▶ **What this task involves**:
Your answer must be the data repeated exactly, with no pictures in it.

▶ **Collected data**:
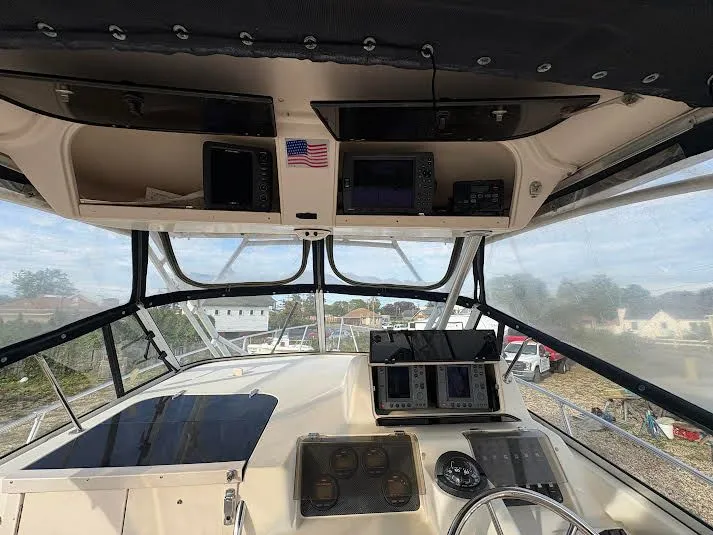 Slide: The Image of 2002 Grady-White Marlin 300 boat cockpit with navigation equipment and American flag. - 12
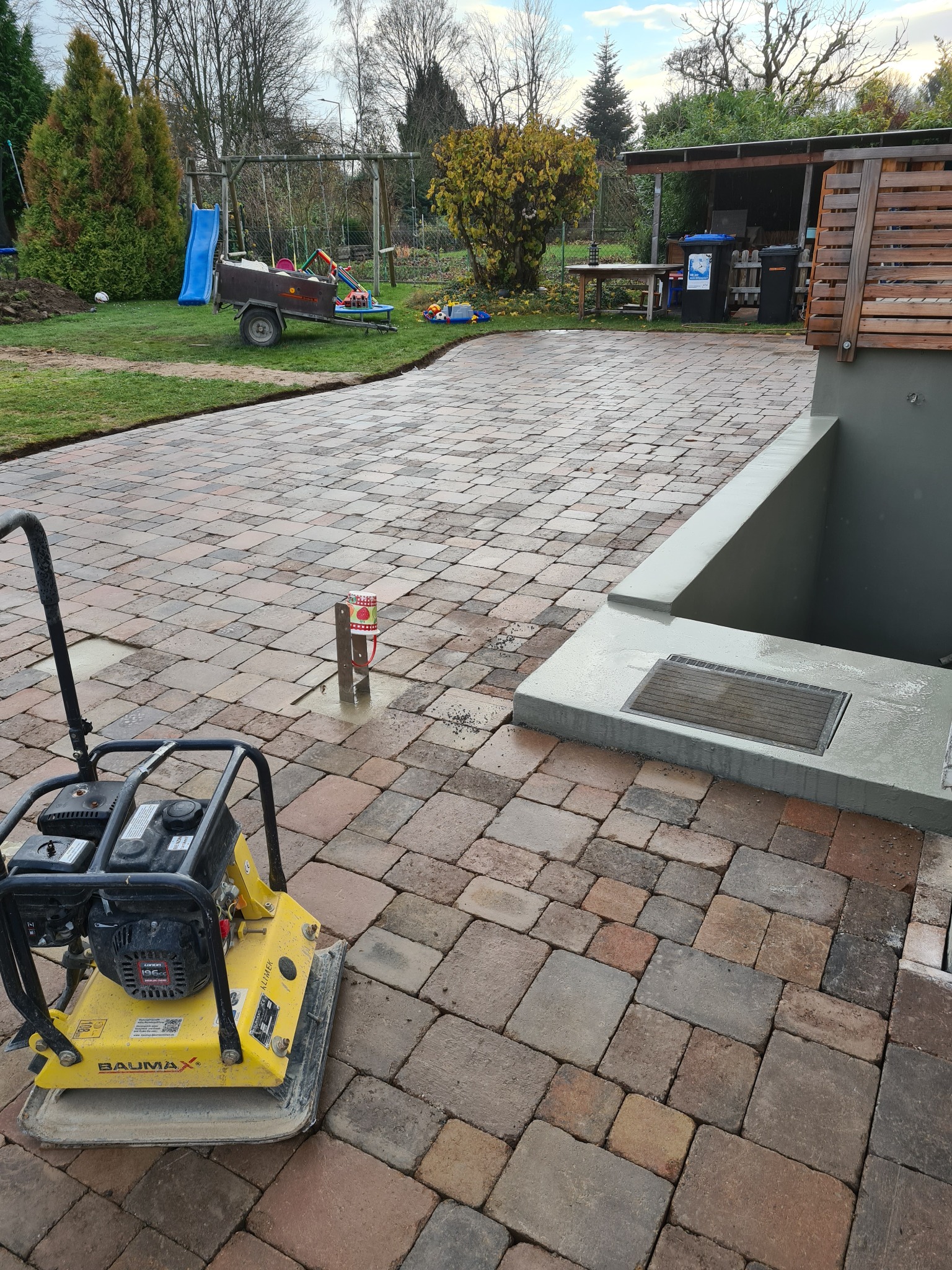 Świeżo ułożona, wilgotna kostka brukowa w odcieniach brązu i szarości, częściowo zagęszczona ubijarką wibracyjną BaumaX, z widocznym przyłączem wodnym i fragmentem budynku w tle.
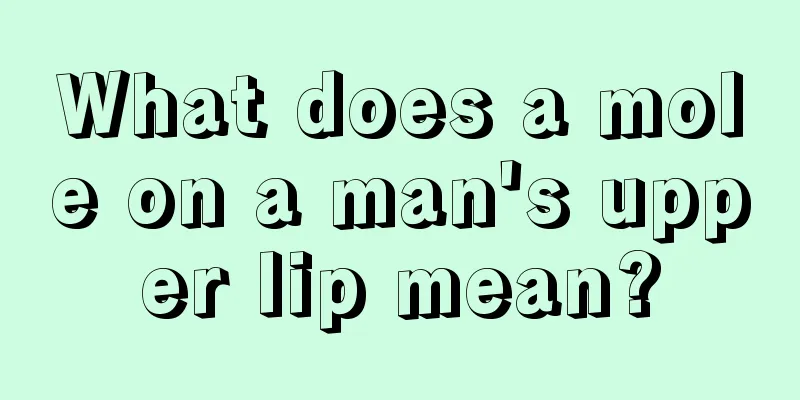 What does a mole on a man's upper lip mean?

▶ **Written solution**:
 Slide: The Image of 2002 Grady-White Marlin 300 boat cockpit with navigation equipment and American flag. - 12
 Świeżo ułożona, wilgotna kostka brukowa w odcieniach brązu i szarości, częściowo zagęszczona ubijarką wibracyjną BaumaX, z widocznym przyłączem wodnym i fragmentem budynku w tle.
 What does a mole on a man's upper lip mean?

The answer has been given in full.